From Canyon To Cove: A whale of a tale

July 21, 2011|By Cindy Frazier
  • The old whale license plate, a popular image painted by the Laguna Beach muralist known a Wyland. His 2008 request for 20% of the states profits from the plates was rebuffed.
The old whale license plate, a popular image painted by… (California Coastal…)

After nearly 20 years on California license plates, Wyland's humpback "whale tail" has been replaced by a new design as of July 1, three years after Wyland and the California Coastal Commission had a public falling out over the agency's license plate program.

The special plate, which costs $50 more than regular license plates, plus an extra annual fee to the DMV, has reportedly raised more than $40 million for conservation and environmental programs in the state — outselling all other specialty license plates, according to commission officials.
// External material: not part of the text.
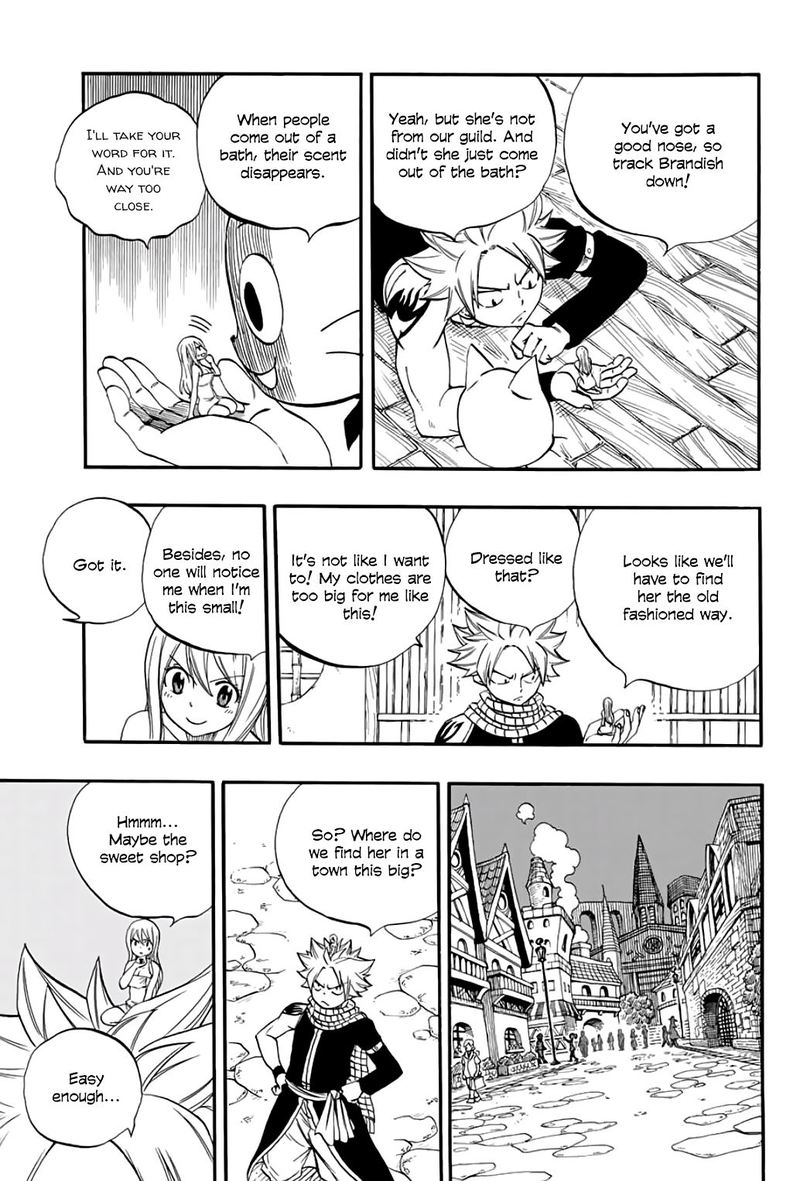 Fairy Tail 100 Years Quest 64 13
Wyland, the internationally known marine life artist who started out at the Sawdust Art Festival and still has a studio here in Laguna Beach, donated the design to the agency in 1996 but became disenchanted when the commission refused to share any of the proceeds with his Wyland Foundation. (Actually, the foundation did get a donation of $20,000 in 2005; that's not chump change, but to Wyland it was a paltry offering.)


The "whale tail" began to unravel in June 2008, when Wyland gathered the press together in his South Coast Highway studio. He accused the commission of "bullying" him and demanded 20% of the plate's proceeds be donated to his charity arm.
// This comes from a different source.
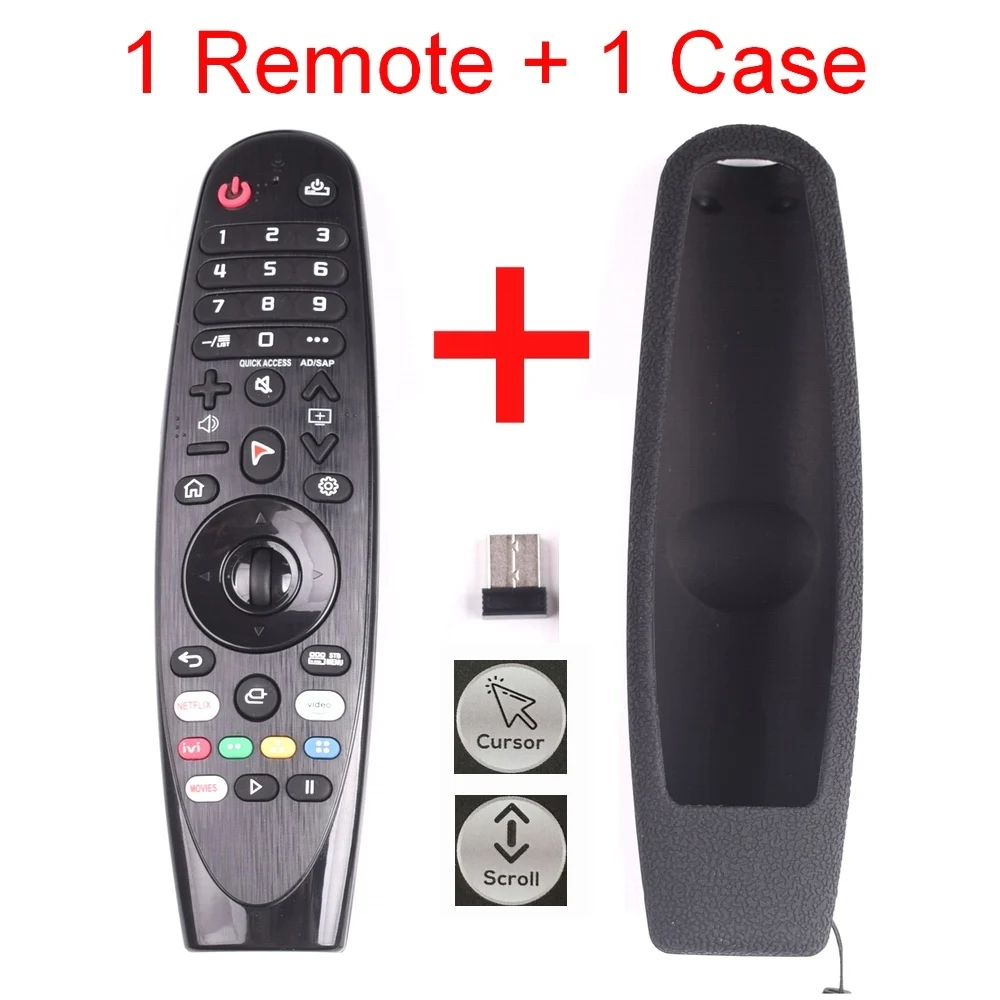 Magic Remote Contro…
Through his attorney, Wyland issued a 30-day notice demanding the commission cease and desist using the image unless they came to an agreement over sharing the profits.
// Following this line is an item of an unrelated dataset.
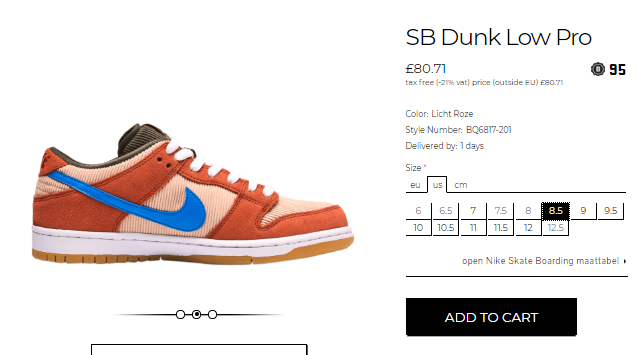 تويتر \\ MoreSneakers.com على تويتر: \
A miffed Commission Executive Director Peter Douglas said at the time that the whale tail image was being used under the rubric of an "oral agreement," and that no formal licensing or any word on paper had been set down giving the state the right to use the design. That's pretty slack for a state agency.

Douglas also acknowledged that the agency had rejected many requests for funding from the Wyland Foundation, explaining that he considered such requests to be a conflict of interest for the artist, who, after all, had his design — and signature — plastered on vehicles all over the state, as per the oral agreement.

"The Wyland Foundation is indistinguishable from Wyland himself," Douglas told me.

Remember, this was 2008, and business-savvy Wyland no doubt could see that the art business in general was going south with the sinking economy; he has since closed two of his three galleries in Laguna Beach. Even Wyland, who spends most of his time in Hawaii and owns a nice beachfront lot in Laguna, was starting to feel the pinch.